====== Material shown

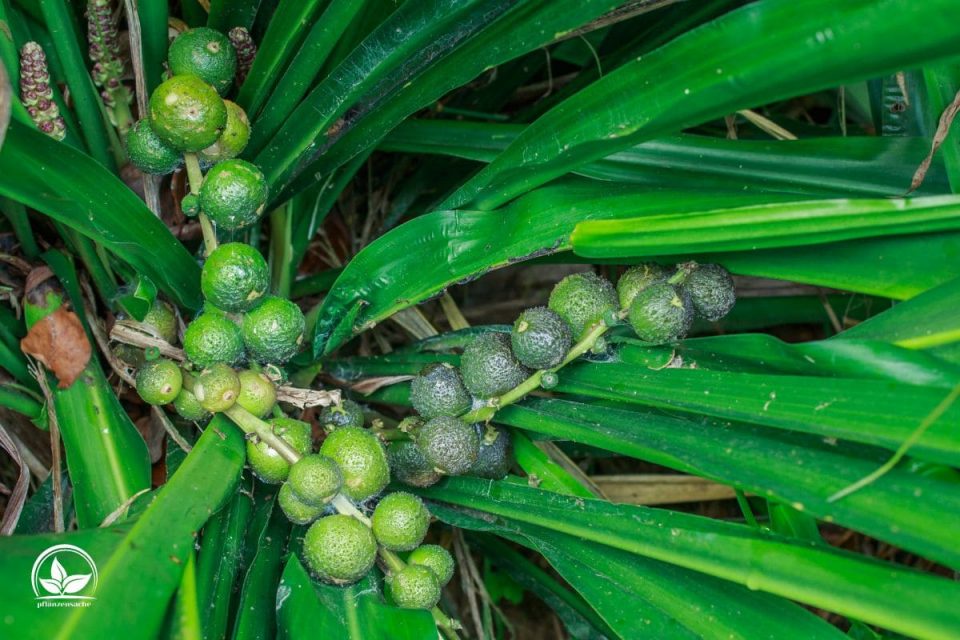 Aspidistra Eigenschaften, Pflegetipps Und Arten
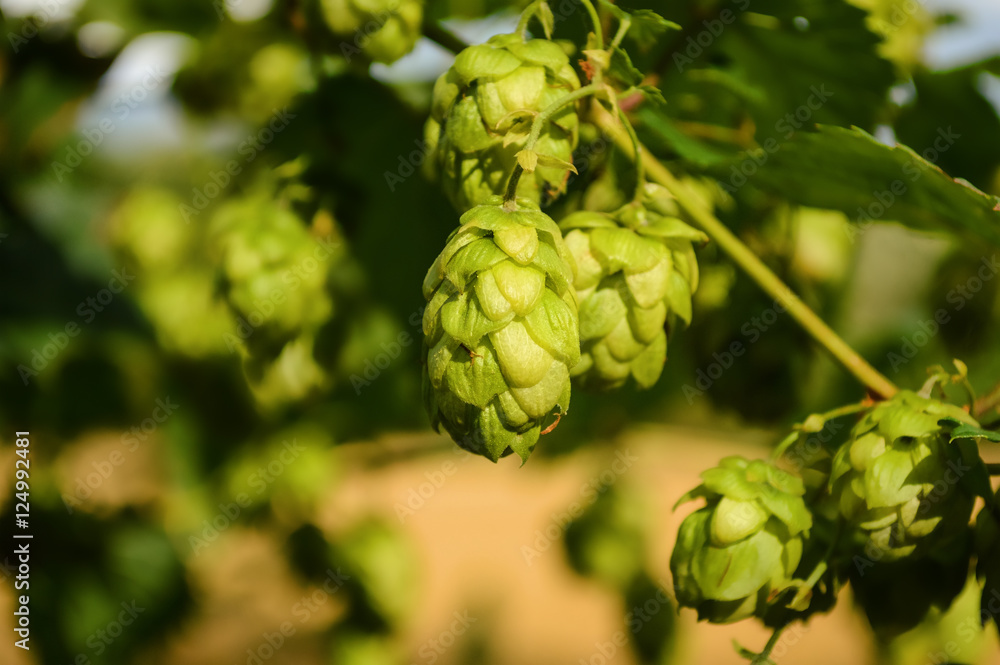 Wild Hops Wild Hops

============
====== Material shown

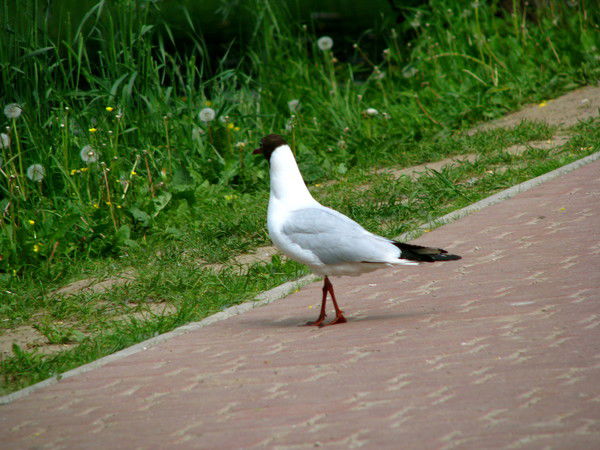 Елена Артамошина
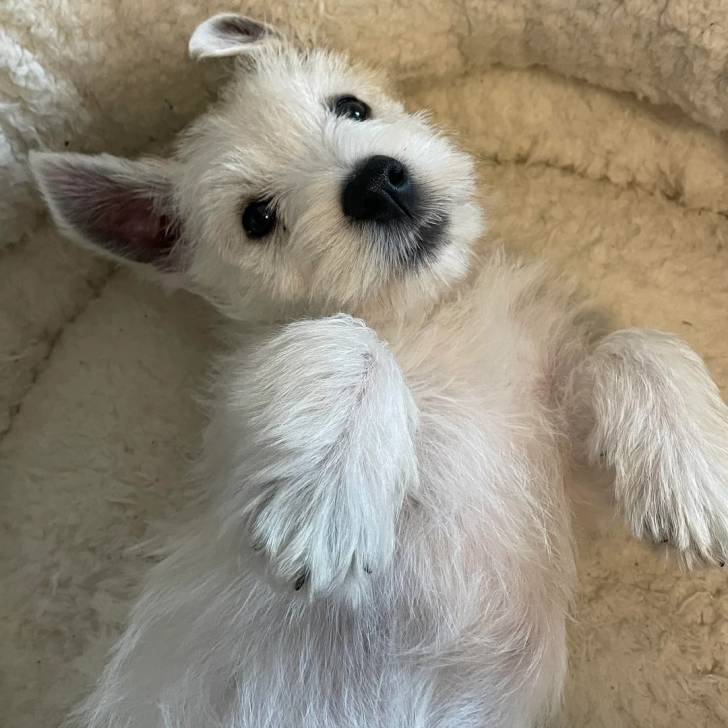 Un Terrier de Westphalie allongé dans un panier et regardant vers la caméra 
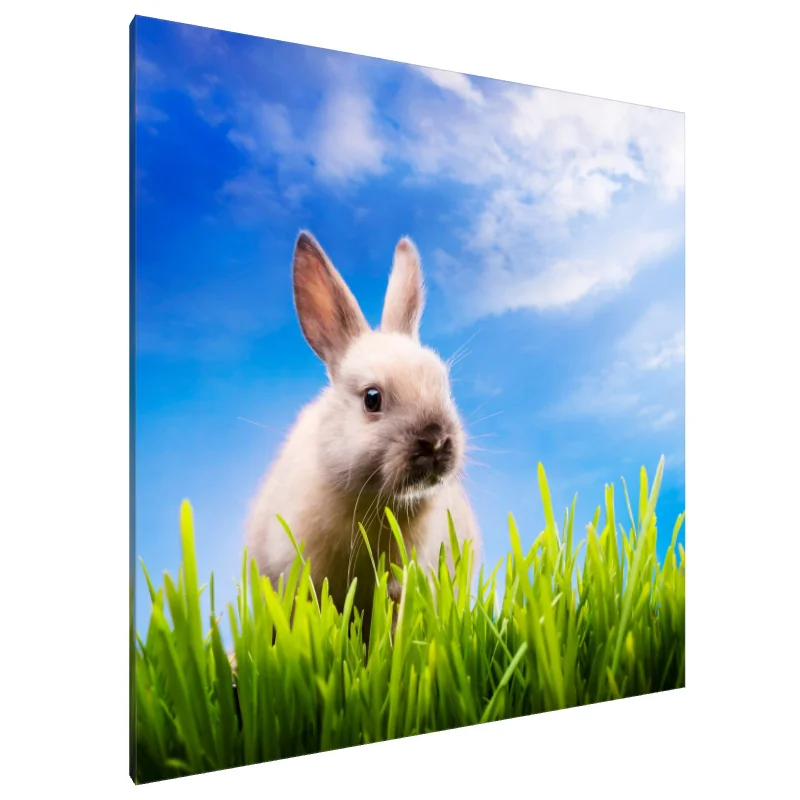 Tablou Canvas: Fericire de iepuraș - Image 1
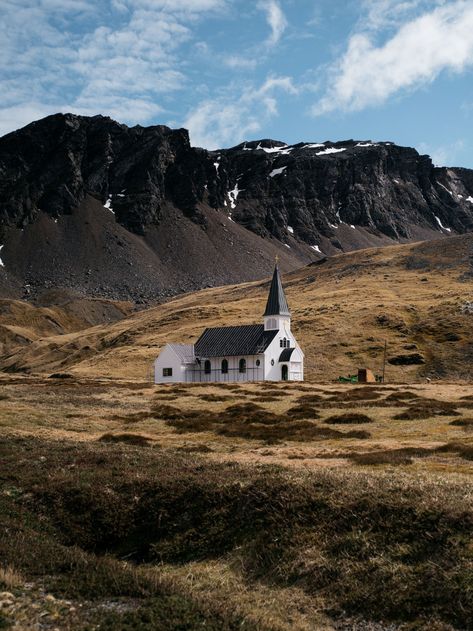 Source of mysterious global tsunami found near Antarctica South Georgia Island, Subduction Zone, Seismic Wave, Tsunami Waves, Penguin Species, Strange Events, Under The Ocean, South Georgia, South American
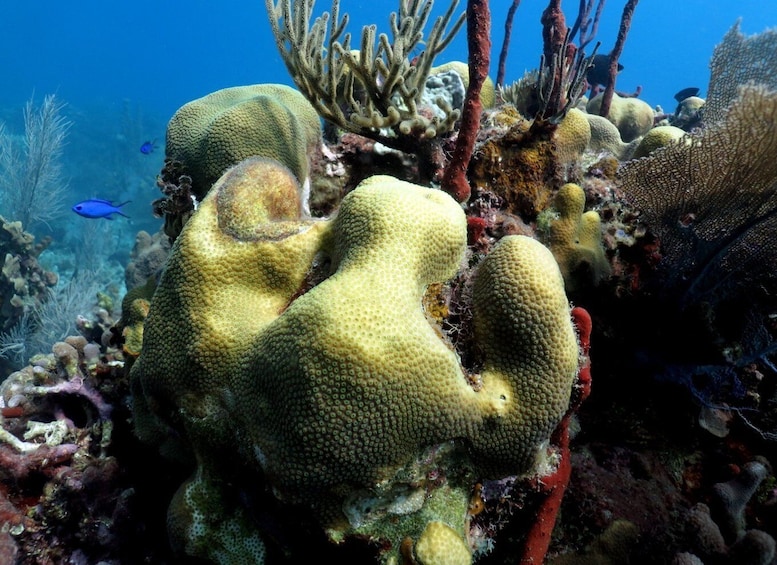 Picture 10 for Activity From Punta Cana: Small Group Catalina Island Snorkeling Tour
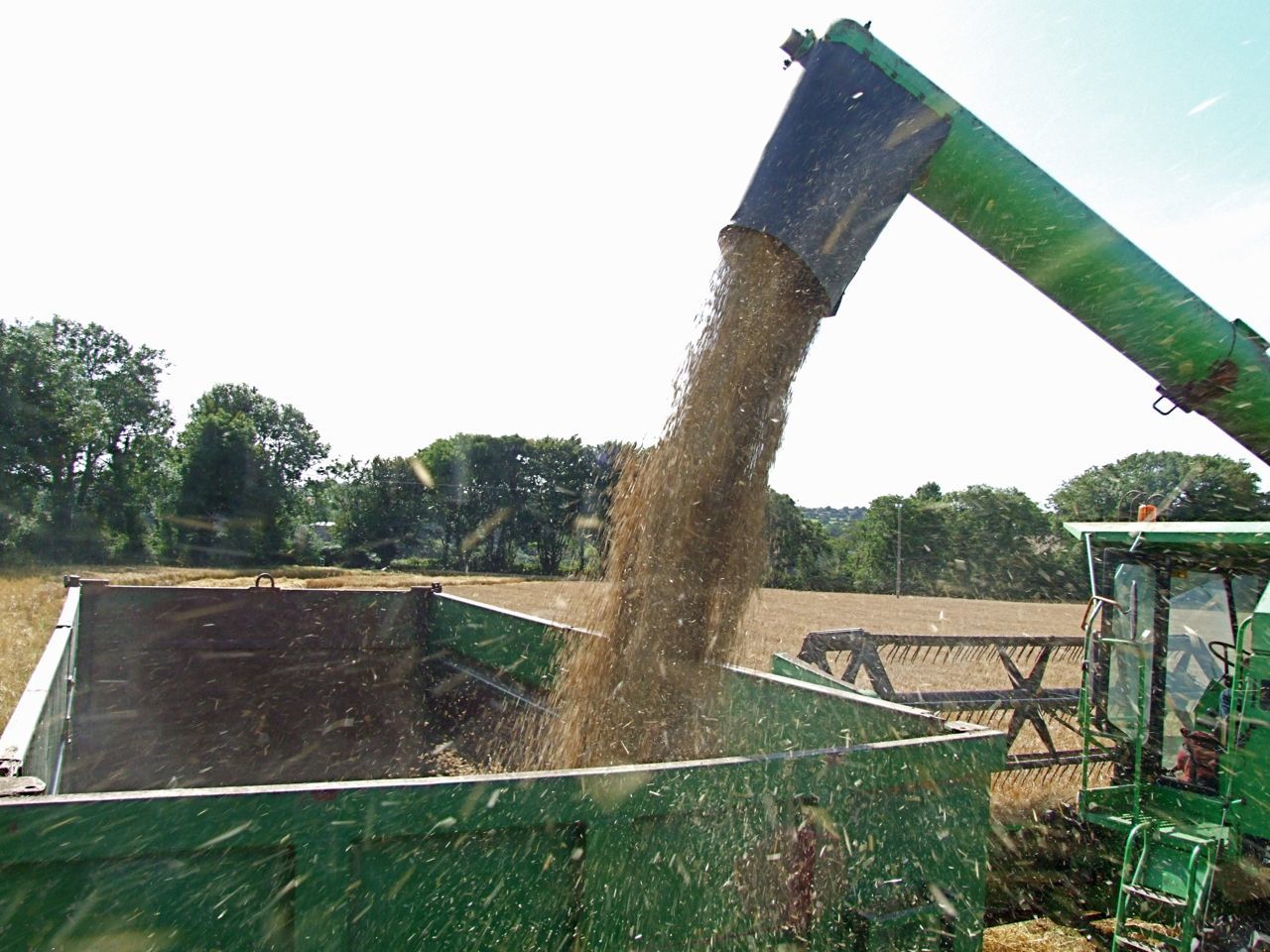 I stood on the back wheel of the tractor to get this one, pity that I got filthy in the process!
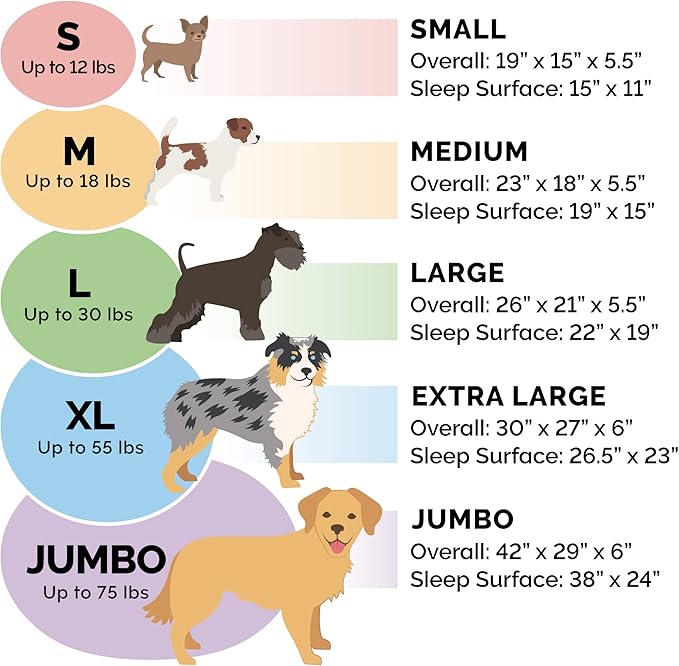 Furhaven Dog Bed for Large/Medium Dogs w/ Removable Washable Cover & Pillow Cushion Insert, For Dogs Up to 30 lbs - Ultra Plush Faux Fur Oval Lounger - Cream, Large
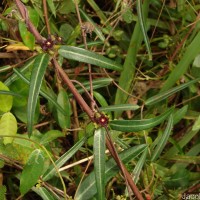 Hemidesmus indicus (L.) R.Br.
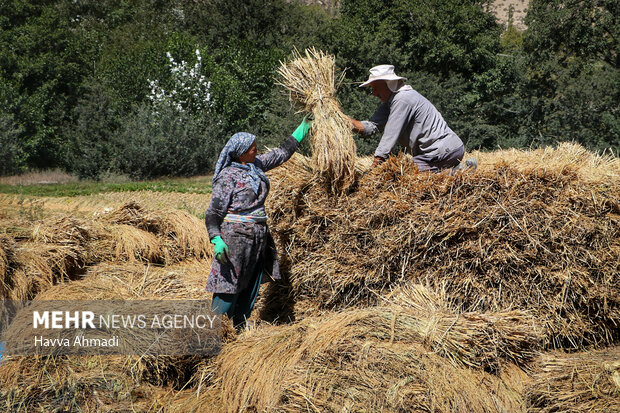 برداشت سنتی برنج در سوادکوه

============

**About this exercise**.
Copy back exactly the lines above from the one containing "Aspidistra Eigenschaften, Pflegetipps" through the one containing "Wild Hops Wild Hops", and leave every picture behind.

**Response area**.
 Aspidistra Eigenschaften, Pflegetipps Und Arten
 Wild Hops Wild Hops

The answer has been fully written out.